Unlike in the comics, Bane is not fuelled by the “Venom” that makes him super strong. His strength is natural, but that doesn't remove his menacing appeal. The mask serves a very different purpose in that at some point Bane was beaten nearly to death and the mask provides an anaesthetic that alleviates much of his pain. Again, a very literal usage of the film's theme. Tom Hardy made for a very compelling villain, though not as much as Scarecrow or The Joker, in my opinion. Though his voice is a little jarring at first, I soon adapted to the approach they took to it. What Bane does have over the previous villains is that he comes across as more menacing. None of the past bad guys could take on Batman in close combat, so when he confronts Bane and loses in one of the film's best scenes, it makes the future of Gotham seem that much more bleak.
The film is not without weaknesses though. Out of the three movies, this one definitely requires a little more suspension of disbelief. There are some unsatisfying aspects of the finale, though some of the spectacle is certainly something to behold. I guess there are just a few leaps of logic when it comes to some of the scenes. It's hard to get into without spoiling anything, but let's just say that Gotham is in a chaotic state for a bit too long for it to make any sense.
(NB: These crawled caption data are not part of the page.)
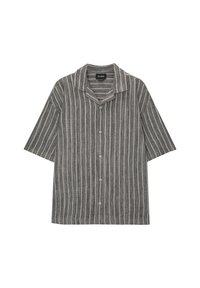 Chemise à manches courtes avec boutons, présentant des rayures verticales grises et blanches, un col décontracté et une coupe ample.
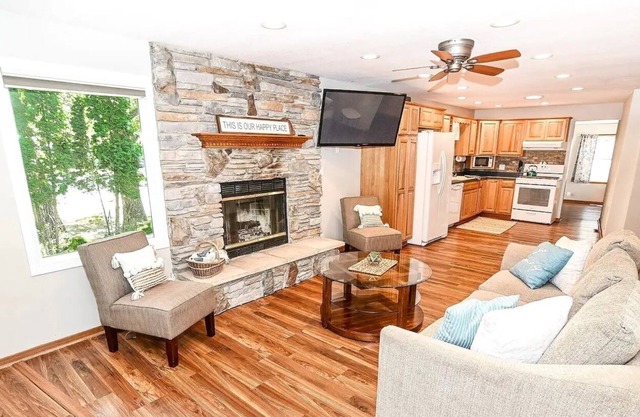 Perfect Private Waterfront Getaway on Fox River!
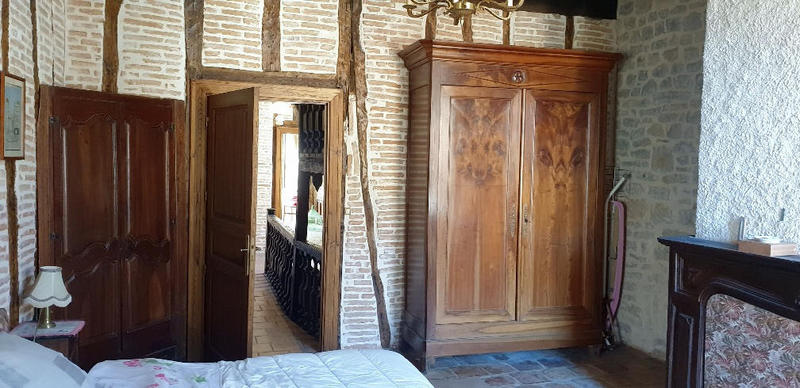 Maison - 250 m² - 6 pièces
I just can't buy that the whole outside world wouldn't have thought of a plan to find and disarm Bane... it's a bit of a stretch.
Truthfully, this film doesn't hold up as well as its predecessors. The story just doesn't stand up to scrutiny. Though I do know that the film was on my mind for days after watching it, so that's positive. Like many of Nolan's films, it takes time to digest and rewards those who take the time to consider the film. If you keep your focus on the characters and their inner conflicts, some of the plot difficulties may seem less relevant. I will say that this is my least favourite of the three Batman films, though that isn't an insult so much as just an order of preference. There are others who have many valid reasons for citing this as their top choice. It's still a great way to finish off one of cinema's finest trilogies.